Our everyday use of language entails a class of peculiar entities—entities like abstract subjects, universal predicates, and word meanings. This situation becomes even more peculiar with scientific uses of language, where we speak as if there existed classes, traits, types, natures, and essences. Many philosophers think that these entities do not exist in the “real world,” so they have long tried to understand their existence in an “ideal world.” My research tries to make sense of this ideality in Ancient Greek philosophy. Specifically, I work on the metaphysics of universals (or forms) and its linguistic counterpart, meaning.


My dissertation investigated the linguistic aspect of ideality in Plato’s Cratylus. It argued that Plato’s understanding of meaning cannot be adequately modelled in terms of semantics (the nearly universal interpretation). Instead, meaning encompasses aspects of language that are pragmatic, phonetic, ‘psychagogic,’ aesthetic, deictic, etc.—I call this broader relation “resonance.”


I have started another project on the metaphysical aspect of ideality: I am developing an account of Plato’s forms in relation to a previously unassociated area of Plato’s philosophy: his interpretation of Heraclitus. In short, I am demonstrating how Plato appropriates key aspects of his theory of forms not as a reaction to, but from Heraclitus.

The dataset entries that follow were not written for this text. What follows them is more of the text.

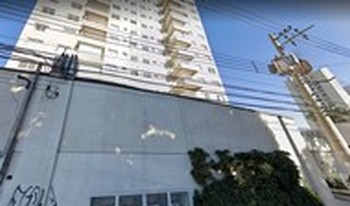 Imagem de fundo do condomínio Condomínio Inside Guarulhos - Gopouva - Guarulhos - SP
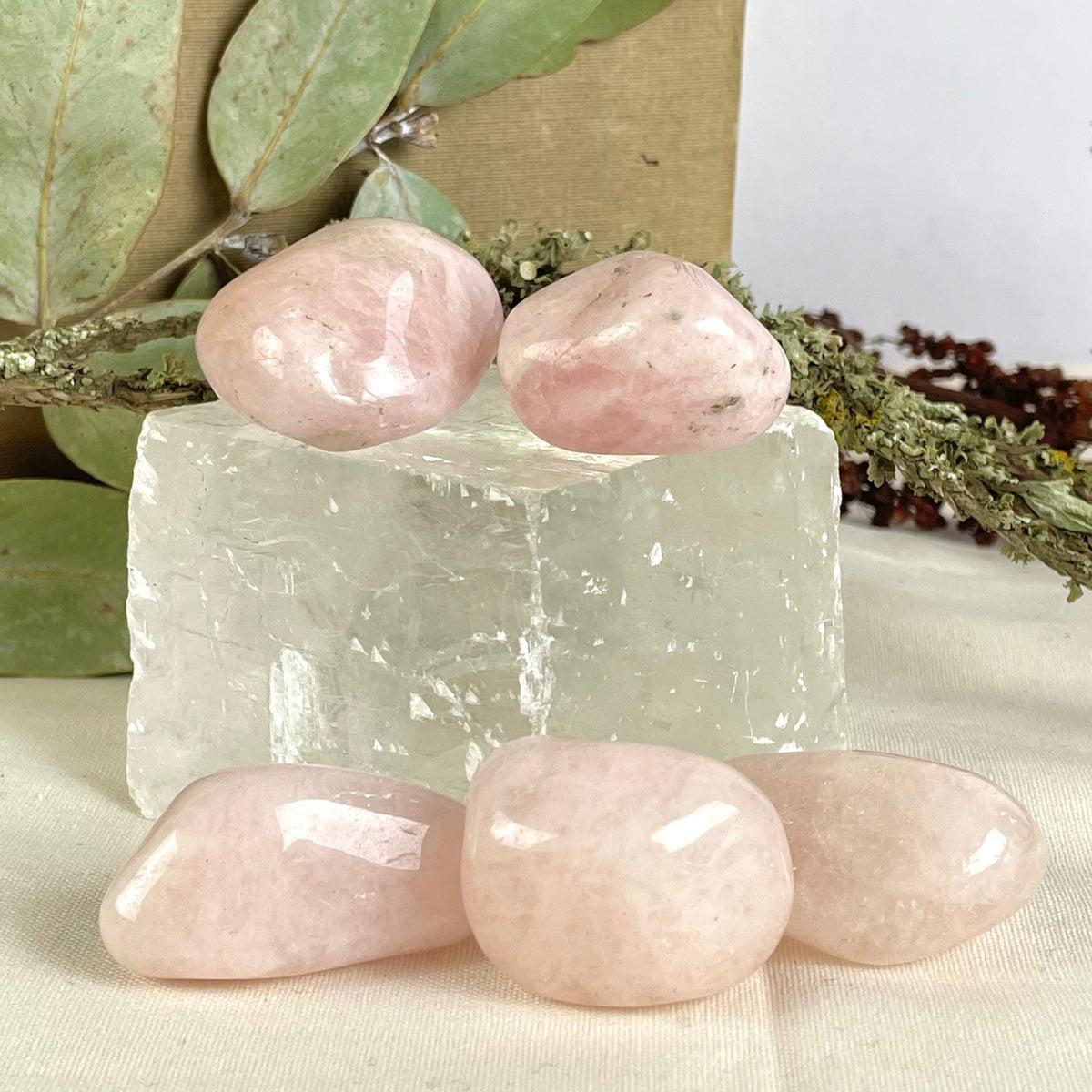 Morganite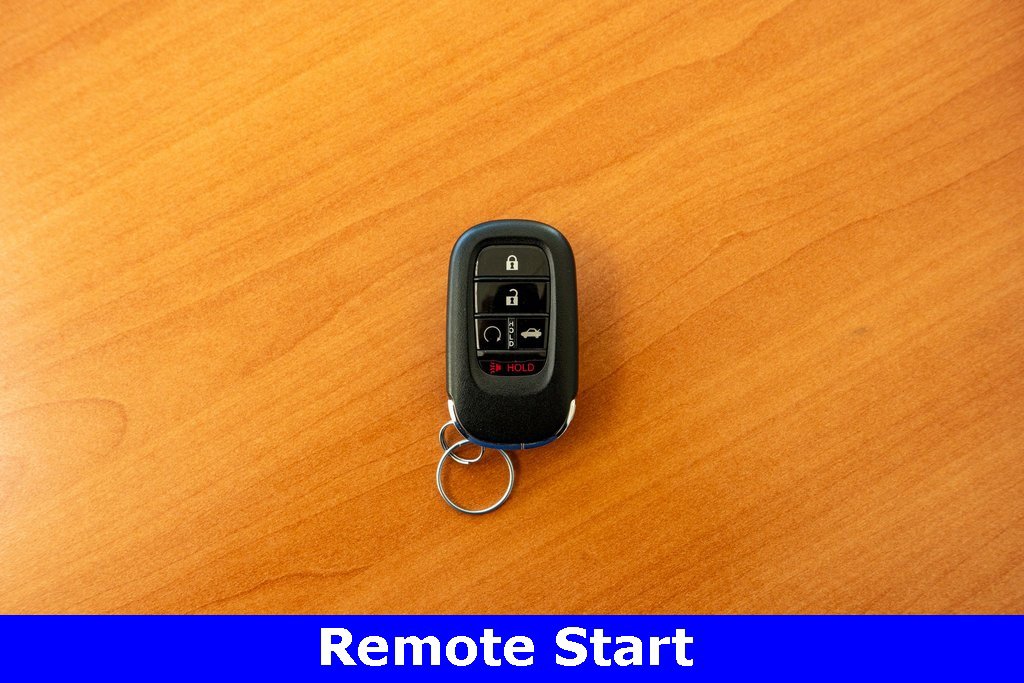 Certified 2025 Honda CR-V Sport image 5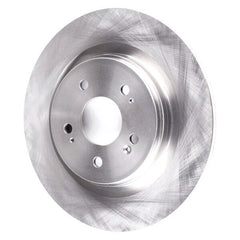 Power Stop JBR1756 - Autospecialty OE 1-Piece Plain Rear Brake Rotors vehicle fitment brake part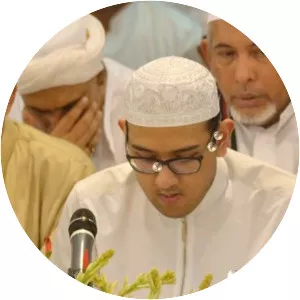 Muhammad Amin Badali alBanjari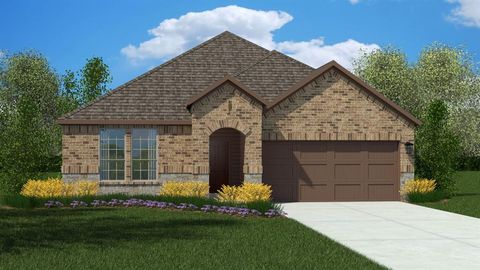 Photo of 2608 GOLDFINCH Drive, Denton, TX 76205 (MLS # 21217558)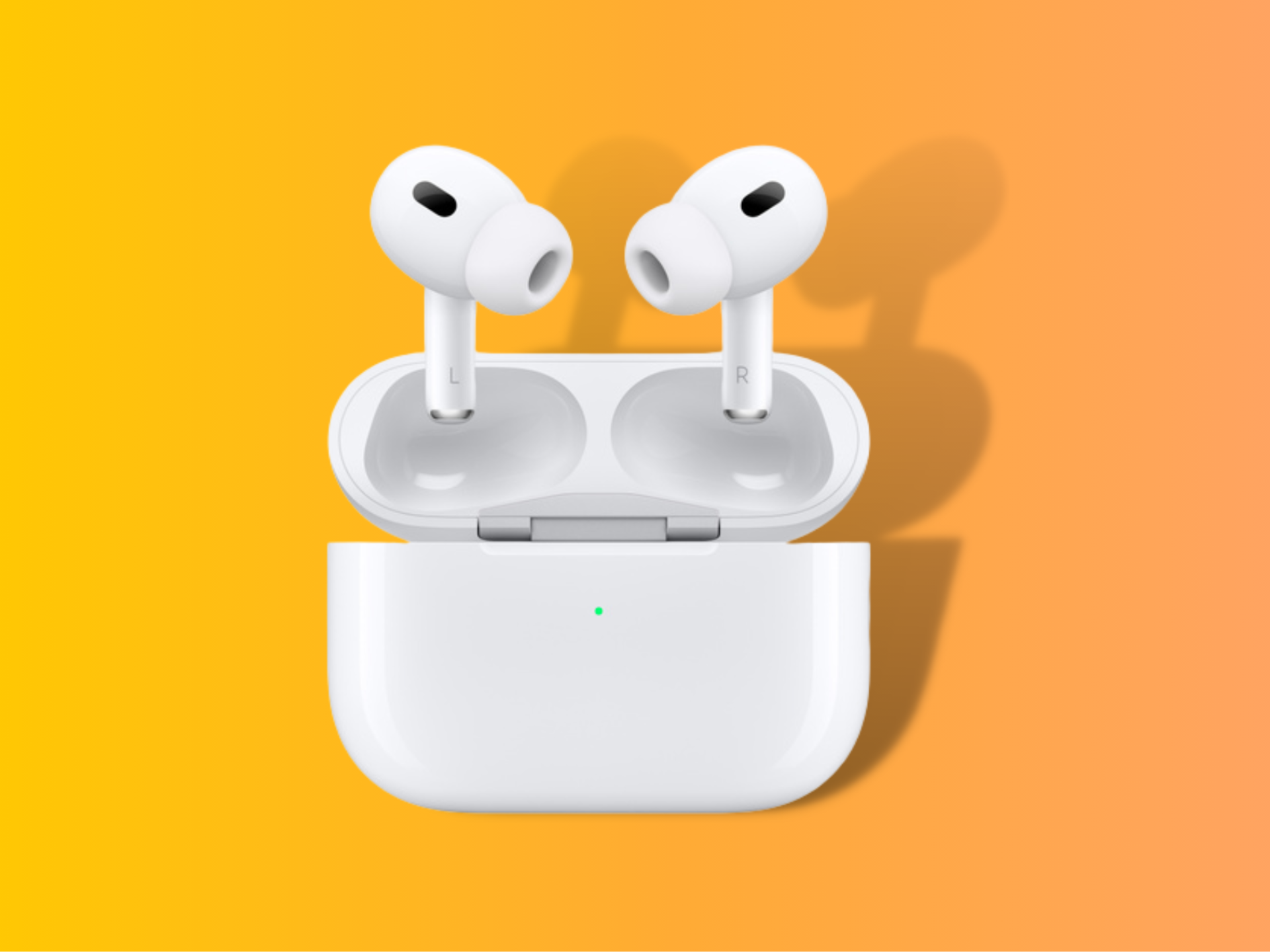 LI Apple AirPods Pro 2 (2nd generation) 2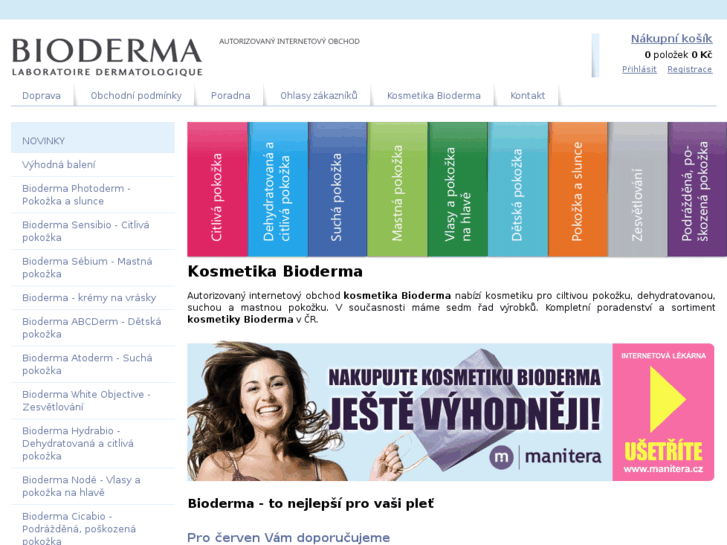 www.bioderma.cz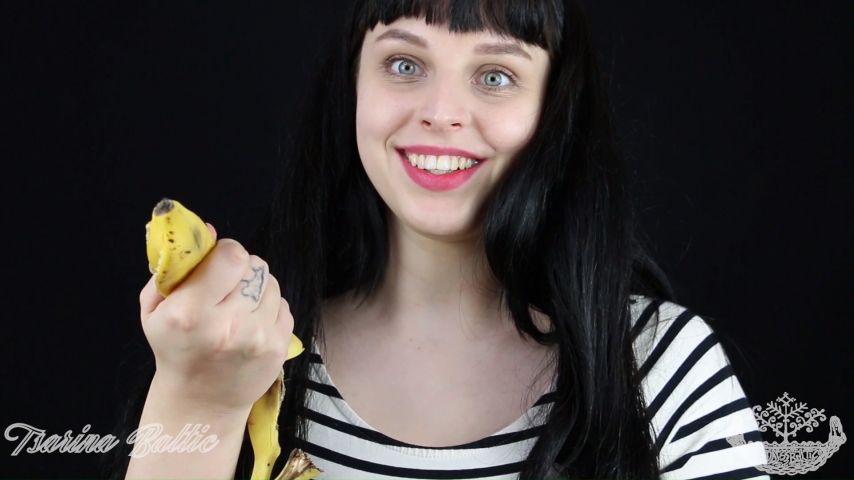 Banana Fucker CEI Task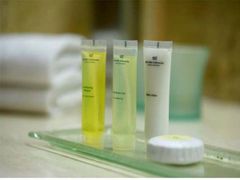 Bộ sản phẩm Amenities Biyokea 3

These are some of my current endeavors: 

ONTOLOGY: This argues that Plato’s Hippias Major is not ontologically neutral, but committed to an interesting sort of immanent form. 

IMMANENCE: This argues that Plato’s appropriation of Heraclitus in the Phaedo precludes the standard interpretation of the dialogue as advancing an ontology of transcendence.

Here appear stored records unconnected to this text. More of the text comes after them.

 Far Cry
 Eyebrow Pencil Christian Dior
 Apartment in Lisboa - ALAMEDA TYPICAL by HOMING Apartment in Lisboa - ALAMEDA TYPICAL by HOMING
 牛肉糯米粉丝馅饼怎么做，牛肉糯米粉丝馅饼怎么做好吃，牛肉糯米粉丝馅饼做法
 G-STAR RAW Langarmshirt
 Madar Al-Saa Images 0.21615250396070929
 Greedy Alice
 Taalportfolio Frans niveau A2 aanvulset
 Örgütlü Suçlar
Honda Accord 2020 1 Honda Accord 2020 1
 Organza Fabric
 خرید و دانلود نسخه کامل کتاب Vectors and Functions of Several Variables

TOOLS: This argues that Plato employs his “tool analogy” argument in the Cratylus in a robustly analogical way. That is, through the structural relations conveyed by the analogy, Plato argues that names are part of a Heraclitean dialectic between creation and destruction.

SILENCE: This argues that Plato stages Cratylus as silent in imitation of a dramatic technique used in a specific play by Aeschylus; this recognition undercuts the common interpretation of Cratylus as dogmatic or vapid and shows how his silence advances profound (even Platonic) ideas about language’s correctness.

PROVERB: This argues that Plato’s apparently passing reference to an ancient proverb is actually sustained throughout the Cratylus and that it provides a critical interpretive clue to the overall interpretation of the dialogue. By setting up a parallel between the iconic political situation that gave rise to the proverb and the dialogue’s discussion of the correctness of names, Plato conveys to his readers that linguistic correctness consists in renouncing our claim over linguistic mastery.

MONOGRAPH: As my Cratylus papers come to fruition, I am developing a monograph on meaning in Plato’s Cratylus.


Besides my main research, I always have my fingers in a few philosophical pies… I have a number of “back burner” projects on medieval philosophy, philosophy of education, continental philosophy, historiography, and environmental ethics.